BY CHRIS MCNULTY
JASON Quigley has been a senior international boxer for only a matter of months.
On Saturday afternoon in Almaty, Kazakhstan, the young Finn Valley ABC stood on the second step on the podium after claiming a silver medal at the World Senior Championships.
Beaten by the home favourite, Zhanibek Alimkhanuly, in the middleweight final, Quigley has confirmed himself as a force to be reckoned with.
His scalps along the way to the final, Vijender Singh, Aston Brown, Zoltan Harcsa and Artem Cheebotarev were no mugs.
On the day, Alimkhanuly was the better boxer, but already the Quigley clan were looking forward to their next meeting with the young Kazakh ace.
“On the day he won the fight, but there is one thing that I’ll tell you: We will be back and we will be gunning for him,” Jason’s father and coach, Conor, told the Donegal News from Almaty.
“In whatever Championship we meet him in again, God luck to him!”
Quigley went into the Championships nursing a minor hand injury, which made his week all the more impressive.
In a venue that was a Palace, Quigley was a king right up to the conclusion. His semi-final win over the Russian, Chebotarev, will go down as one of his best ever displays.
Quigley has been touted as a candidate to make a switch to professional boxing, but having been given a Sky Sports Scholarship recently and with the 2016 Olympics in Rio as his ultimate goal, the Irish and European Champion will stay put.
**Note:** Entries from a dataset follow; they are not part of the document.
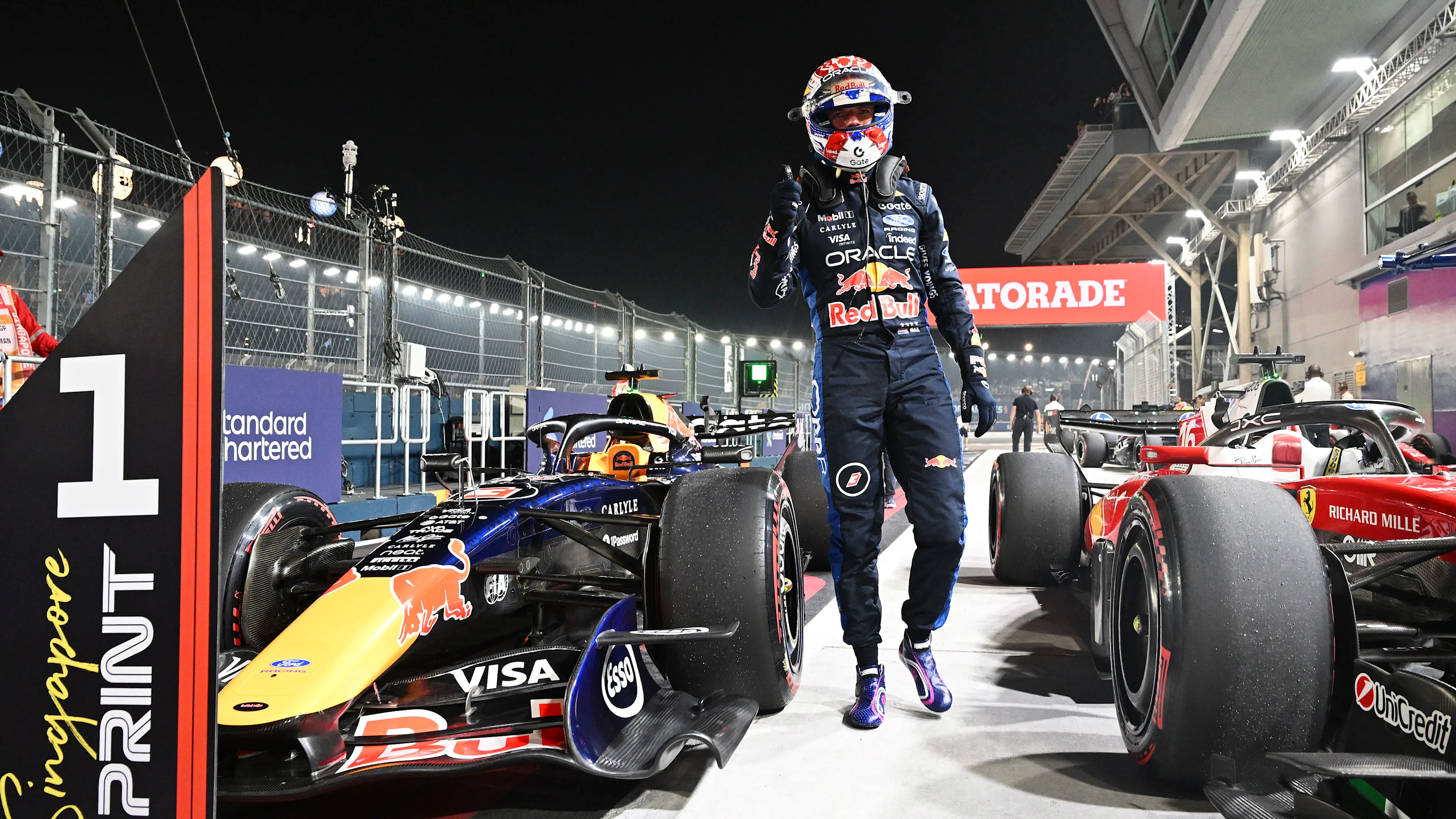 SINGAPORE, SINGAPORE - OCTOBER 09: Sprint Pole qualifier Max Verstappen of the Netherlands and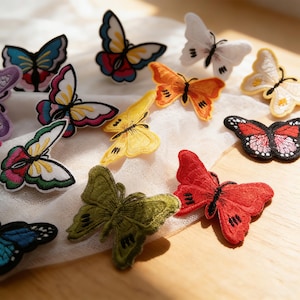 May include: A collection of embroidered butterfly patches in various colors, including blue, white, yellow, orange, red, and green. The patches are arranged on a white fabric, showcasing the detailed stitching and vibrant hues of each butterfly design.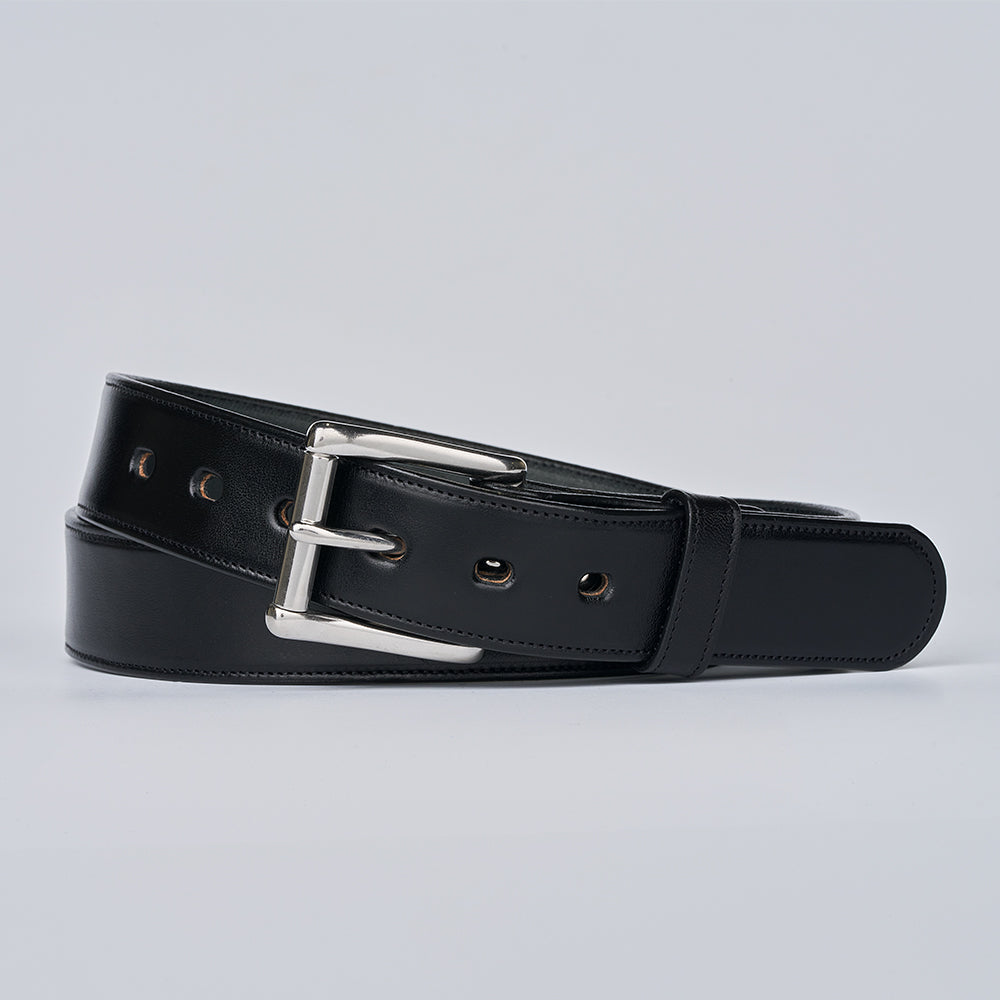 The Canyon by Hanks Belts is a black handcrafted English bridle leather belt with a silver buckle, coiled neatly on a plain light gray background.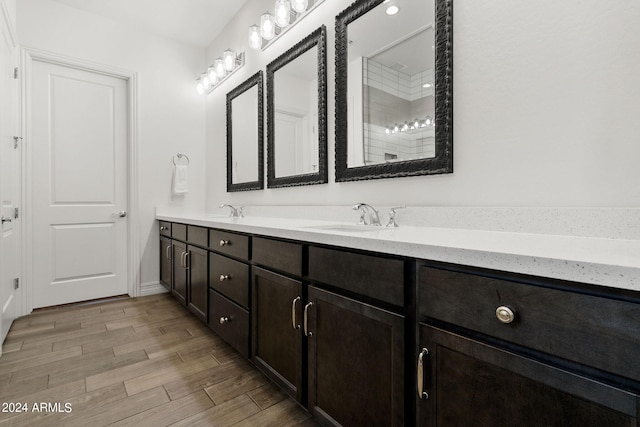 bathroom with wood-type flooring and dual vanity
Quigley is just 22 and Alimkhanuly only 20; already, they are prime candidates for the big prizes in Brazil.
“That defeat will make him stronger,” Conor Quigley said of his son.
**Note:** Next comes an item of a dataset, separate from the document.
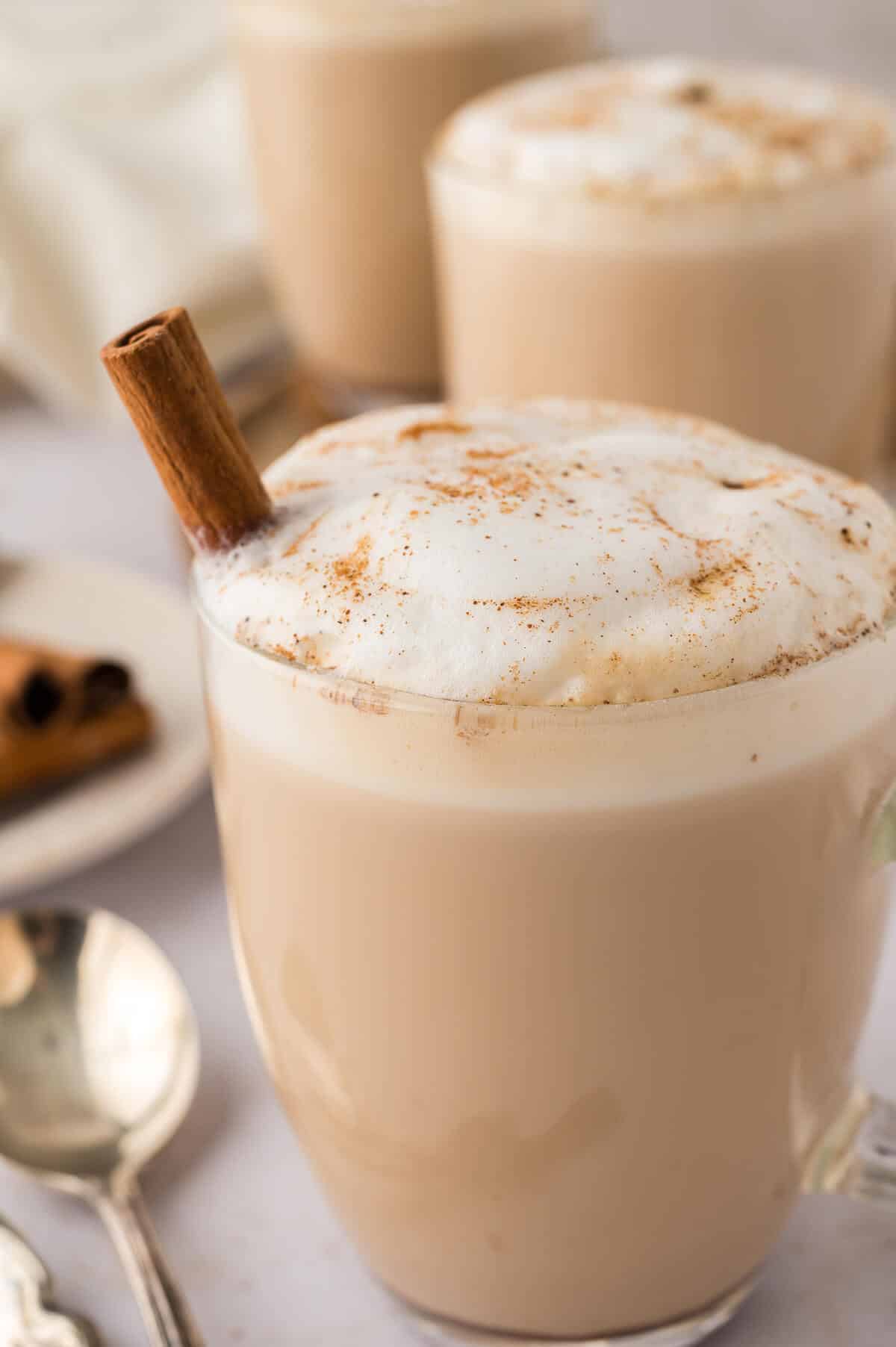 Slow cooker chai latte in a glass mug.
That is the kind of athlete that he is. He has a desire inside of him that I have never seen in anyone else.
“When he loses he will come back a stronger man and a hungrier athlete than he is now.
“He is only 22 years of age. At 22 he is a European gold medalist and got on to be a World silver medalist all inside a few months.”
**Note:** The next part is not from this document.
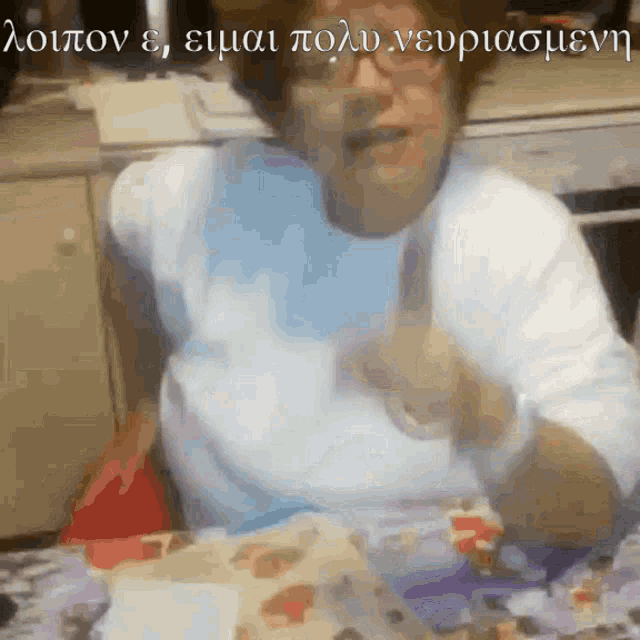 a woman is sitting at a table with a knife in her hand and a foreign language written on the bottom of the image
As he emerged from the ring, Quigley cut an emotional figure.
He mentioned being heartbroken, but he is the first Irish male boxer to have made it to a world final.
He said: “If anyone had said to me that I’d win a medal out here, I’d have taken the hand off them.”
It is amazing to think that Quigley only won his first Irish senior title eight months ago. Since then, he topped Europe and claimed a World silver medal.
Quigley is history maker and his exploits were hailed by the Irish Head Coach Billy Walsh.
He said: “By God, didn’t he leave everything. He went to the soles of his boots. Hats off to him, he is a true legend.”
Quigley once jotted the name of Darren O’Neill down on paper. O’Neill beat him in two National Senior finals, before Quigley finally exacted revenge in a quarter-final this year.
When next he meets with Alimkhanuly, sparks will fly.
A world silver, but Quigley’s story is only beginning. The next chapter should be fascinating: The 2014 National Seniors with O’Neill, Conrad Cummings and Roy Sheahan all likely to be in the mix again.
The wheel starts spinning again soon.